Likened to Kafka, Faulkner and Camus, Dagerman is a Swedish literary great, known for taking a deep philosophical dive into big themes. Here he introduces us to Bengt, his father, Knut, fiancée Berit, and an assorted group of mourners, in what must be one of the most spine-tingling funeral scenes in literature.
Mama had suffered from a bad heart but nobody had expected her to go so soon. It is a bitter January day, heavy with snow, and in a stunningly cinematic scene, the procession glide silently down the steps to the waiting cars. Dark, beautiful and dreadful, the women of the group call to mind the paintings of Edvard Munch, their white faces glistening as hard as bone under their veils.
‘Only their faces are white, as well as a single gloveless hand pressed against a coat.’
At the graveside, Bengt finally understands that this is the end, but it’s at the restaurant gathering afterwards, when a waiter mistakenly beckons him to a phone call meant for his father, that he realises that it’s also a beginning.
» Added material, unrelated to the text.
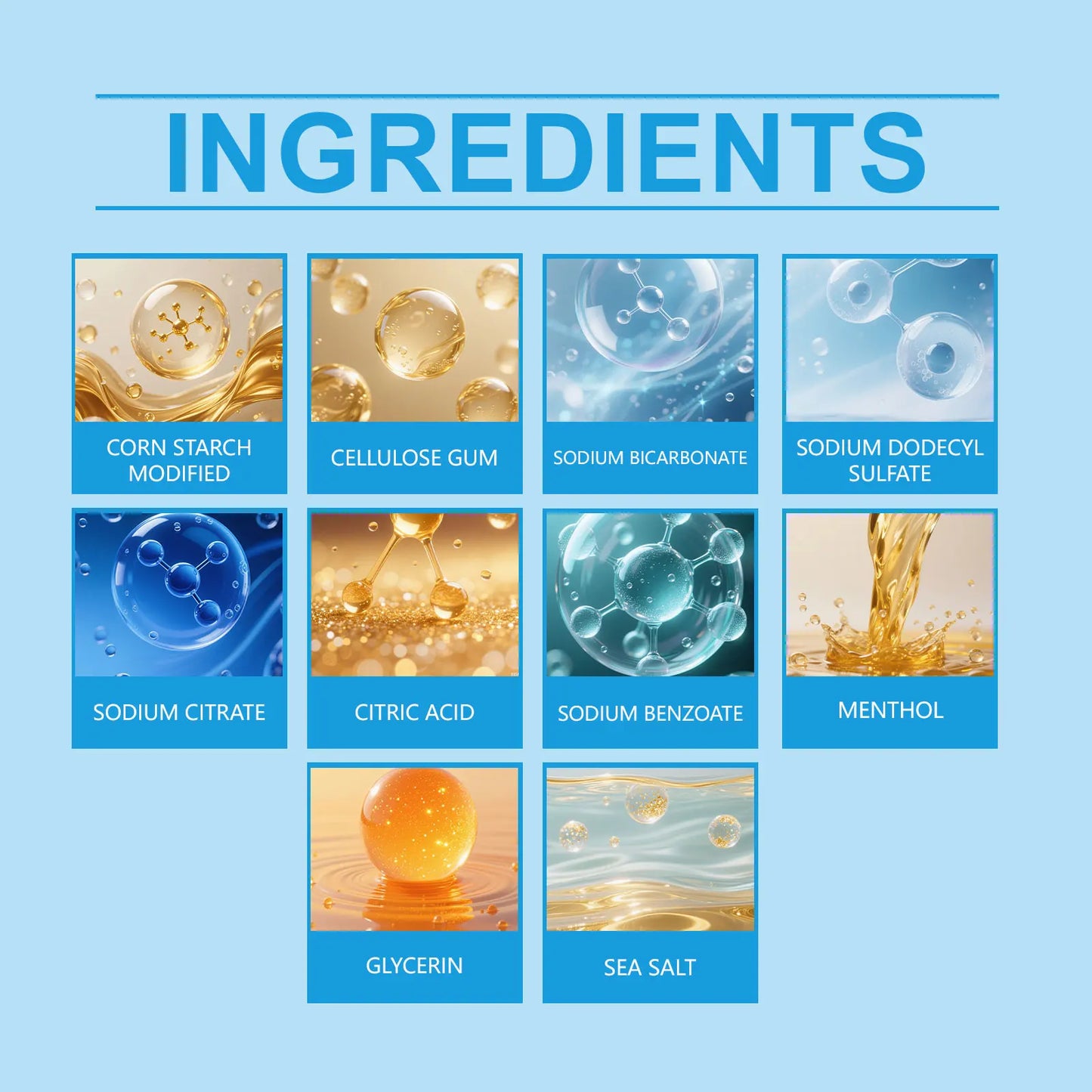 Ocean Toy Bath Bombs With Surprise Fizzy Bubble Bath Ball Moisturizing Sea Salt Glycerin Skin Cleansing Relaxing Spa Balls Gift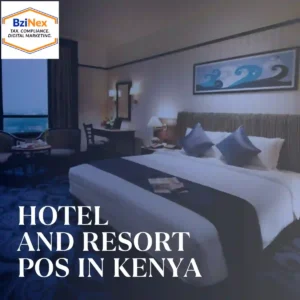 hotel management system Kenya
The voice belongs to Gun, the mistress, who is soon to assume a role in the family and set up shop in Bengt’s tortured psyche.
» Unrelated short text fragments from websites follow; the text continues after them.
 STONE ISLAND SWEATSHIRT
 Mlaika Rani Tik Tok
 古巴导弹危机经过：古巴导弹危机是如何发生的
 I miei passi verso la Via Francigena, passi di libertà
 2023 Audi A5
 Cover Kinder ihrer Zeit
Throughout the novel, Bengt strives for catharsis via self-addressed letters, providing the reader with a bird’s eye view into the chaos of his mind, focused in the early days after Mama’s death on his increasingly fractured relationship with Knut.
Disgusted with his father’s treachery, and suspicious of his intentions, Bengt takes to spying on him. He discovers that every night, Papa goes through his dead wife’s wardrobe, contemplating and caressing each shoe, each garment. One dreadful night, Papa takes out her best red dress and spreads it across an armchair, in the shape of a woman. This red dress will come to haunt Bengt, manifesting itself throughout the novel, along with candles, shoes, and a dog. A black dog, of course.
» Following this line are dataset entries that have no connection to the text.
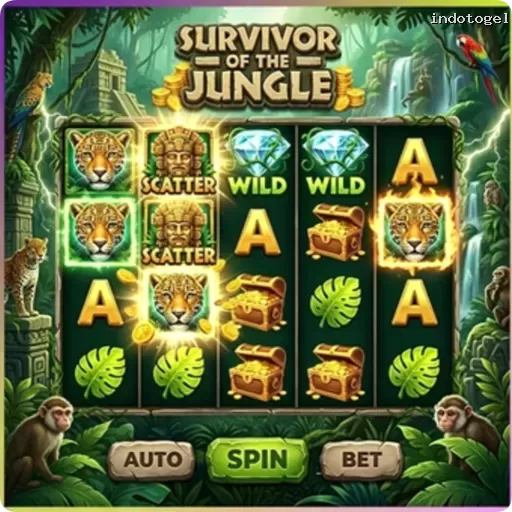 Link Alternatif indotogel untuk Membuka Jalur Cadangan
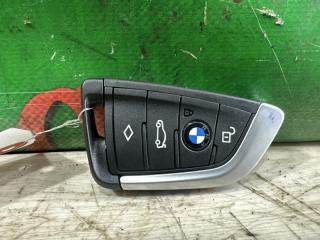 Ключ зажигания BMW X3 G01 B47D20A 9389109 1 ракурс Ключ зажигания BMW X3 G01 B47D20A 9389109 1 ракурс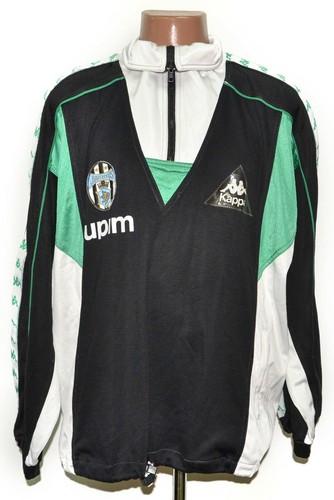 Giacca kappa zip - giacca,
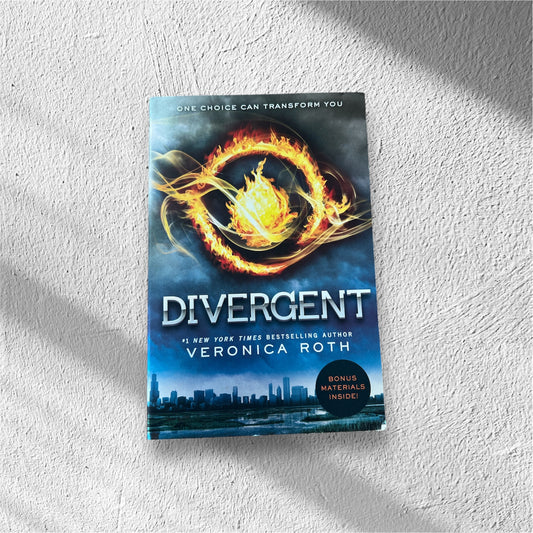 Divergent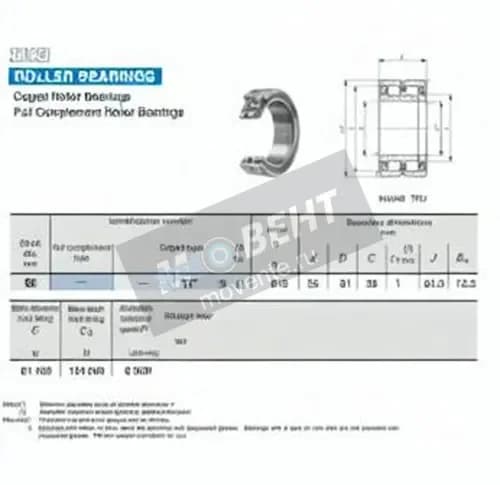 IKO TRU558138-IKO - Image 1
A family trip to an island in the Stockholm archipelago brings revelation, as Bengt succumbs to his desires. In Dagerman’s startling tale, identities merge and grief morphs into something simultaneously dangerous and comforting.
‘When someone is dead, there is…a big empty hole. But on the other hand, there is a lot left over. You go up to these things and look at them, twisting and turning them. But you don’t really know what to do with them.’
Indeed. An intense and compelling novel, wonderfully translated by Benjamin Mier-Cruz and with an insightful introduction by Siri Hustvedt.
A Moth to a Flame by Stig Dagerman is published by Penguin, 224 pages.